On 7/6/23 12:53 AM, Abdussalam Baryun
wrote:
On Thu, Jul 6, 2023 at 2:59 AM Michael Thomas <mike@xxxxxxxx> wrote:
On 7/5/23 1:12 PM, Brian E Carpenter wrote:
>
> I do agree that any actual *action* such as a draft replacing RFC8252
> or proposing a new auth mechanism belongs elsewhere.
>
Also: I had no idea what the proper venue was beyond the OAUTH wg which
would be pointless since they were extremely hostile when I first
brought it up and I'm not eager for another beating down. There needs to
be some process recourse when a wg has gone off the rails even if it's
after years after the RFC was issued. I mean, what if this is being
actively exploited in the wild but the wg doesn't want to hear about it?
IMHO as understanding IETF procedure, if some one is part of the IETF WG (i.e. WG participant that discusses on WG lists and shows up in meetings), then they must prove that they are with full consensus while WG LC (i.e. the first_community round for consensus). If that round finishes, we should go to the second community_round while IETF LC, so did you continue to comment in IETF LC while the IESG asks the community to feedback?
I had no idea that rfc 8252 was going on. Requiring IETF
omniscience is a complete non-starter. Not everybody's day job is
to monitor sketchy work coming out of working groups. AD's can
barely do that. Barely. The rest of us, not so much.

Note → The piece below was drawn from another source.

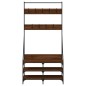 vidaXL Kleiderständer mit Schuhablage Braun Eiche-Optik 90x34x184 cm vidaXL Kleiderständer mit Schuhablage Braun Eiche-Optik 90x34x184 cm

And if IETF cannot rectify harmful errors after the fact, that is
another process failure. Bad guys are thankful if IETF thinks that
last call is sacrosanct and the last word. The rest of the world
is glad that CVEs exist.
Unless it is the opinion of the IETF that the participants must
be full time, this is extremely wrong-headed. The IETF would lose
probably 99% of its participants if that were true.